● TASK STATEMENT: Print, please, the line that contains "Design House 588004" and each line after it to the end of the entries, unchanged and with nothing else.

[Stored entries]
________________________

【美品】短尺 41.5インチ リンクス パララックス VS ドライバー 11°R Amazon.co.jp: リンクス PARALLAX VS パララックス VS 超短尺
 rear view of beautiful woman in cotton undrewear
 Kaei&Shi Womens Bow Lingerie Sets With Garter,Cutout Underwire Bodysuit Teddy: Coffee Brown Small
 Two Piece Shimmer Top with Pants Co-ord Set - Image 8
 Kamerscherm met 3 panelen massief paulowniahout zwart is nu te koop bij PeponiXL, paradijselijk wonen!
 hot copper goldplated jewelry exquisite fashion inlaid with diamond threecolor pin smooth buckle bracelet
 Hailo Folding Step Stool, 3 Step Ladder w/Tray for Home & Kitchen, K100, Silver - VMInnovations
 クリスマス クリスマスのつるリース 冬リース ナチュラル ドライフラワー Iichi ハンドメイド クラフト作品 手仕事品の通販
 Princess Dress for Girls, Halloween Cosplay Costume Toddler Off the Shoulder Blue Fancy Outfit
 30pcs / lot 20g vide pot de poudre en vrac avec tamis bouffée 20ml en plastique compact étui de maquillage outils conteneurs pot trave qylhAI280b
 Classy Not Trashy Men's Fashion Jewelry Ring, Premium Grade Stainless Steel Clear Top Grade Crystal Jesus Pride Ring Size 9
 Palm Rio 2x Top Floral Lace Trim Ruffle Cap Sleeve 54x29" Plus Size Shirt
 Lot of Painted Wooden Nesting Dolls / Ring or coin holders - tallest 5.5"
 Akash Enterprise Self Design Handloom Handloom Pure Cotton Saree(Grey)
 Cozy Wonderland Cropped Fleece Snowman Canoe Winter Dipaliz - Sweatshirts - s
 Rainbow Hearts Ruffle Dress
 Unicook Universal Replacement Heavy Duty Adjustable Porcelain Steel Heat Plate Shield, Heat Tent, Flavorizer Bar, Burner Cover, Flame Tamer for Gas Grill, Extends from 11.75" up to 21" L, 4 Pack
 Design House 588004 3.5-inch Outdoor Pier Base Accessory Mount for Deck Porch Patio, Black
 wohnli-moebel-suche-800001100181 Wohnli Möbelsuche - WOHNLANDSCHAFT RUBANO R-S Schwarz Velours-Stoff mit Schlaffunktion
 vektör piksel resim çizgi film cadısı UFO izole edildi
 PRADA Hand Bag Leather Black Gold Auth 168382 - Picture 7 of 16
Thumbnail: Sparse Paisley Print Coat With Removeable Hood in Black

________________________

● EXERCISE OUTPUT:
 Design House 588004 3.5-inch Outdoor Pier Base Accessory Mount for Deck Porch Patio, Black
 wohnli-moebel-suche-800001100181 Wohnli Möbelsuche - WOHNLANDSCHAFT RUBANO R-S Schwarz Velours-Stoff mit Schlaffunktion
 vektör piksel resim çizgi film cadısı UFO izole edildi
 PRADA Hand Bag Leather Black Gold Auth 168382 - Picture 7 of 16
Thumbnail: Sparse Paisley Print Coat With Removeable Hood in Black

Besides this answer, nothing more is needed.